Un’emergenza che ormai non può più attendere. Dopo il maxi sequestro dei beni della società Riva Fire, la questione Ilva arriva d’urgenza a palazzo Chigi. Governo e azienda cercano di fare il punto su una vicenda che dalla scorsa estate spacca il Paese tra diritto al lavoro e diritto alla salute. La mattina del 28 maggio, il presidente del Consiglio Enrico Letta ha incontrato a piazza Colonna il presidente Bruno Ferrante e l’amministratore delegato Enrico Bondi, entrambi dimissionari. Presenti alla riunione anche i ministri dello Sviluppo economico Flavio Zanonato, dell’Ambiente Andrea Orlando, dell’Interno Angelino Alfano, il sottosegretario alla presidenza del Consiglio Filippo Patroni Griffi e allo Sviluppo economico Claudio De Vincenti.

L’incontro fa seguito alle dimissioni, annunciate lo scorso 25 maggio, dell’intero cda dell’Ilva. Bruno Ferrante, Enrico Bondi e Giuseppe De Iure hanno deciso di lasciare il consiglio d’amministrazione dell’azienda dopo la decisione del gip di Taranto Patrizia Todisco di sequestrare 8,1 miliardi di euro del tesoro della società Rive Fire: quanto necessario per abbattere l’impatto ambientale della fabbrica. La confisca colpisce i soli beni della società e non quelli dell’Ilva, ma – secondo i suoi rappresentanti – ha sull’impresa effetti oggettivamente negativi.

Il gruppo di Taranto, nel frattempo, ha annunciato ricorso, sottolineando il rischio che si corre: 40mila posti di lavoro, indotto incluso.

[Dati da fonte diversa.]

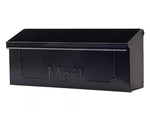 Gibraltar Mailboxes Townhouse Galvanized Steel Black Wall Mount 15 X6 Open. Fixed Price $15.99.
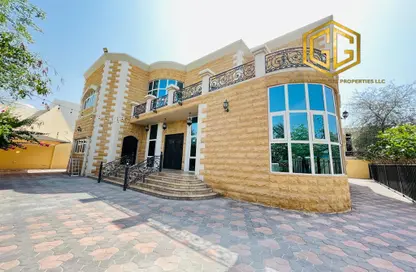 Outdoor House image for: Villa - 4 Bedrooms - 5 Bathrooms for rent in Al Mizhar 1 - Al Mizhar - Dubai, Image 1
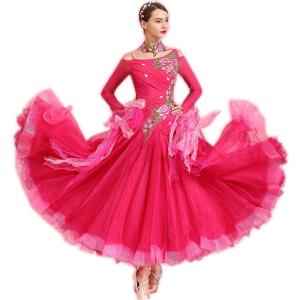 Garuda SHOP 社交ダンス競技ドレス デモ用 発表会用演出服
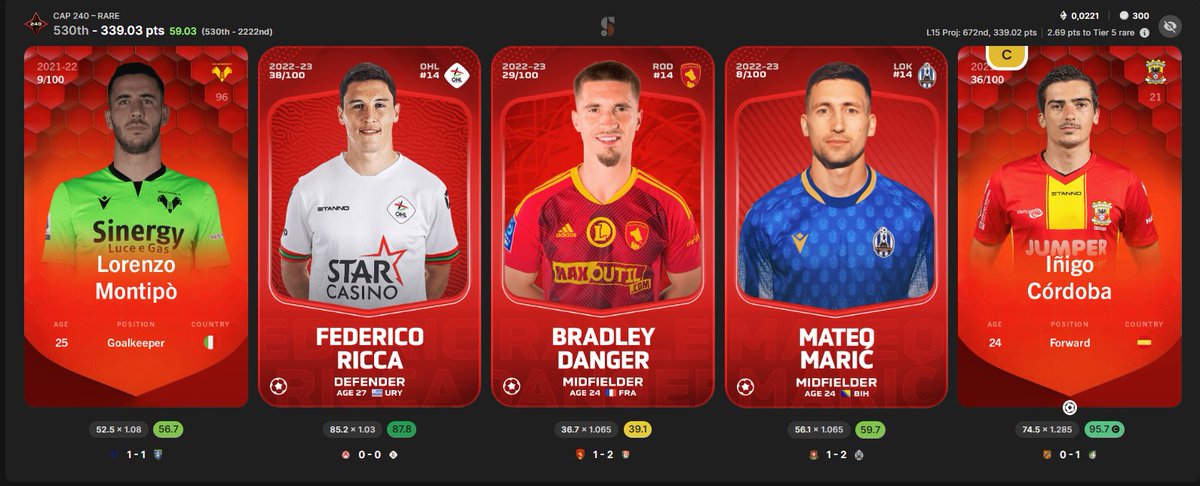 Threshold in and a reward, can't complain 😀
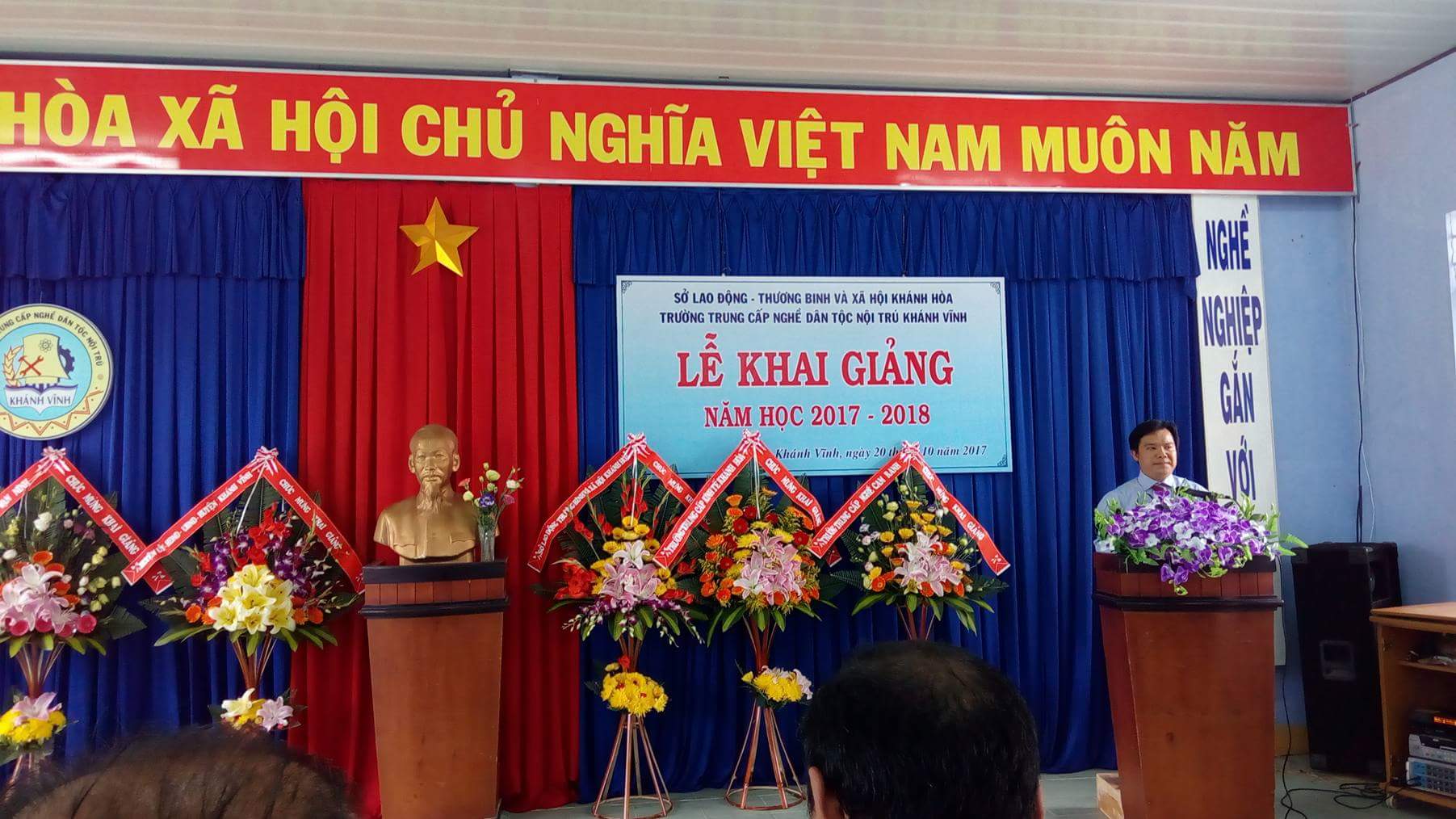 Khai giảng năm học 2017-2018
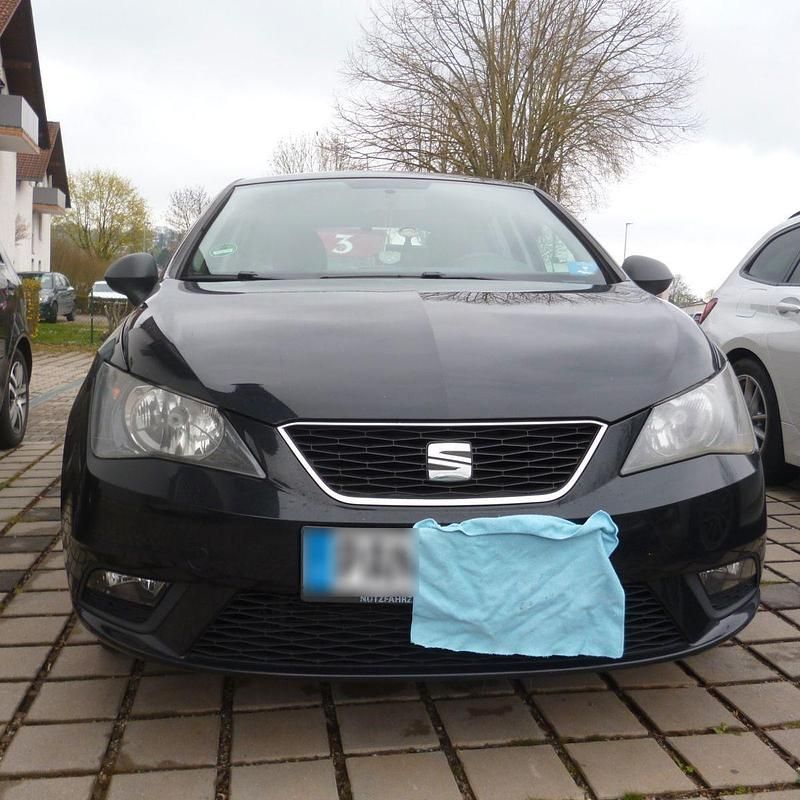 Second-hand Seat Ibiza Reference 86 CP (63 kW) 2015 Negru Berlinǎ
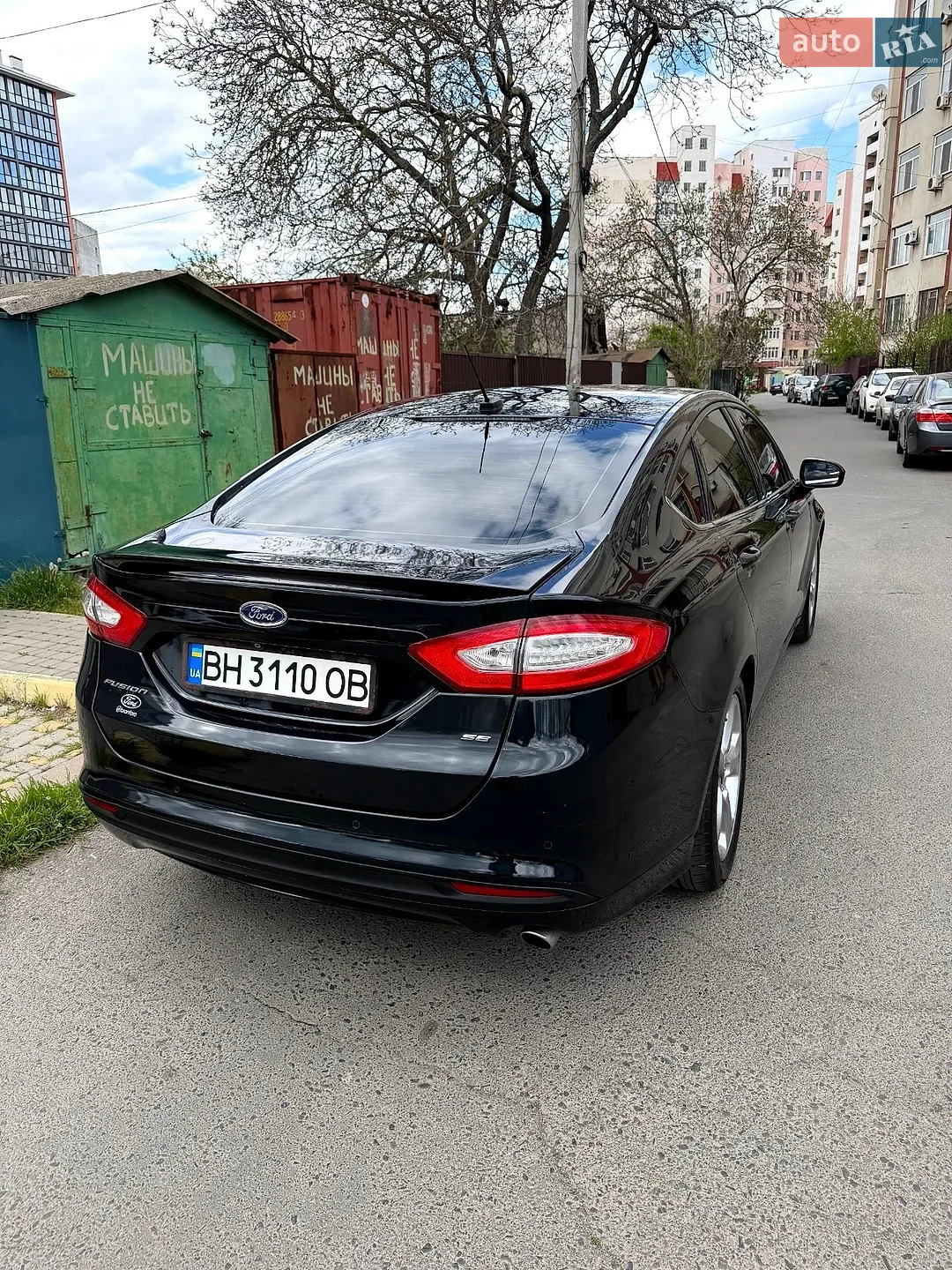 2014 Ford Fusion - мініатюра 4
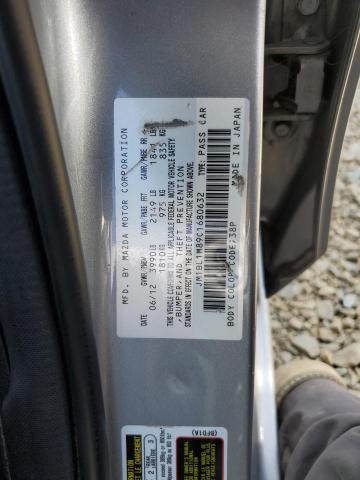 2012 MAZDA 3 I - JM1BL1M89C1680632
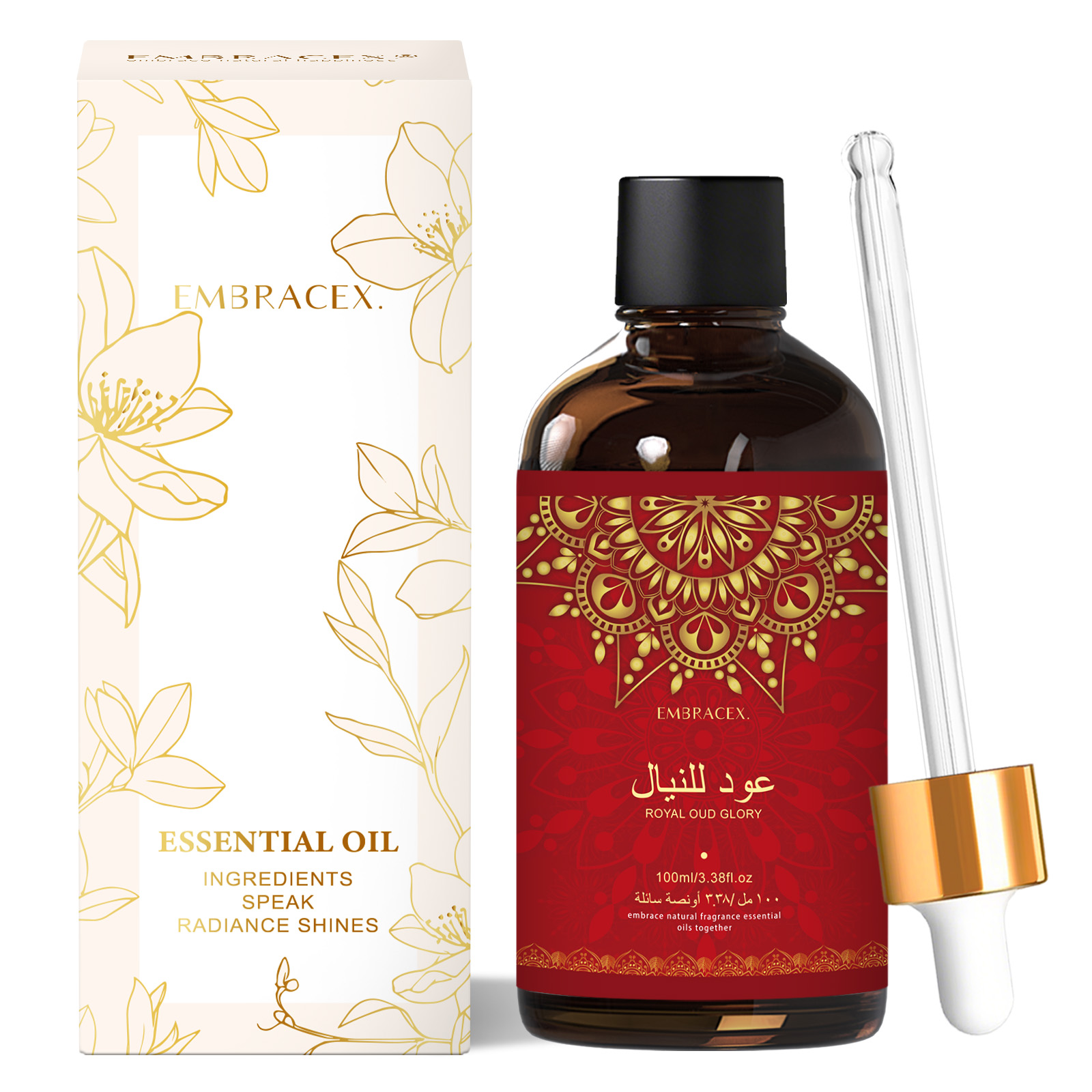 Xerjoff Perfume Fragrance - 100ml Royal Oud Glory Duftöle Eid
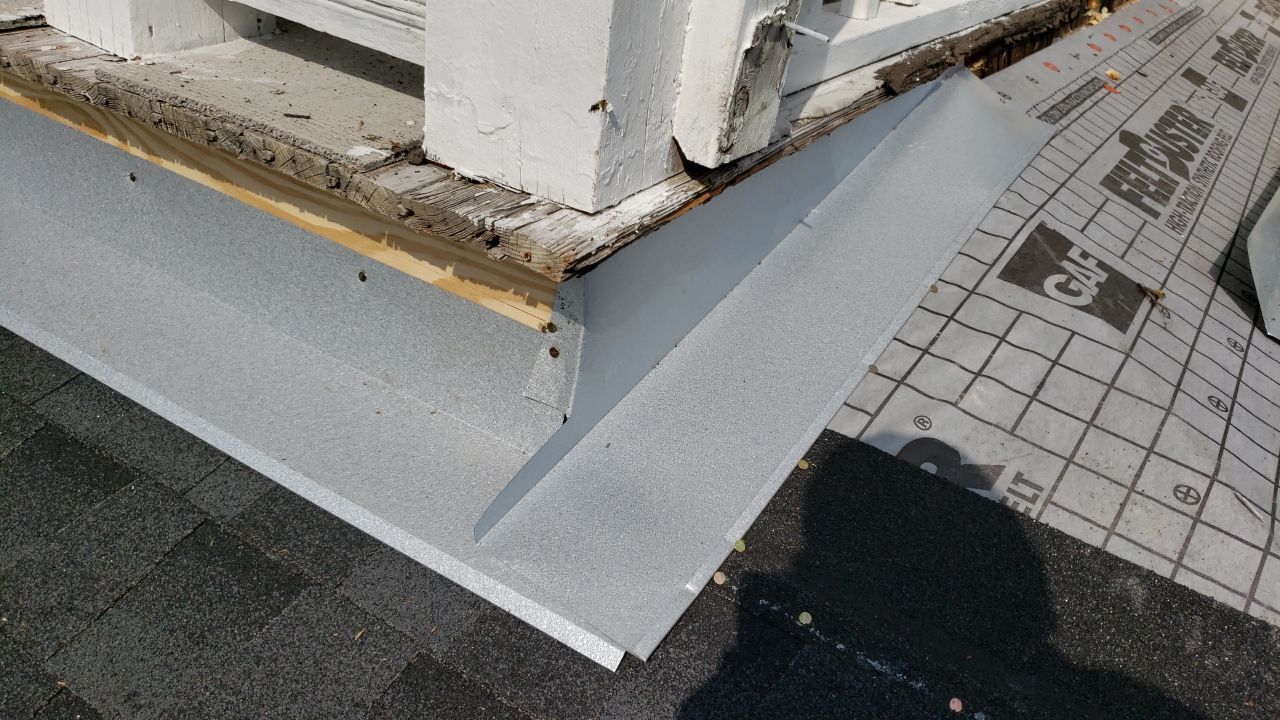Residential Roofing Installation using Roof Replacement by American Roofing & Construction LLC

Un pericolo che preoccupa anche il premier Enrico Letta. Palazzo Chigi ritiene decisivo evitare la chiusura dell’impianto e garantire la continuità produttiva. «L’obiettivo chiave del governo», ha spiegato Claudio De Vincenti, «è assicurare che l’impresa faccia gli investimenti necessari per il rilascio dell’AIA, l’Autorizzazione Integrata Ambientale». Il via libera permetterebbe la realizzazione di una struttura compatibile con il rispetto dell’ambiente e conforme ai principi dell’Unione europea.

La situazione, al momento, è più che mai delicata. Una soluzione potrebbe essere la nazionalizzazione della fabbrica, un’ipotesi sostenuta dal segretario della Fiom Maurizio Landini e da Francesco Boccia, presidente della Commissione bilancio alla Camera. Nel frattempo si attende un giorno forse decisivo: il 12 giugno, quando la Commissione Europea varerà il Piano dell’acciaio. Il patto dovrebbe prevedere un prestito di 3 miliardi di euro: risorse decisive per l’attuazione dell’Aia.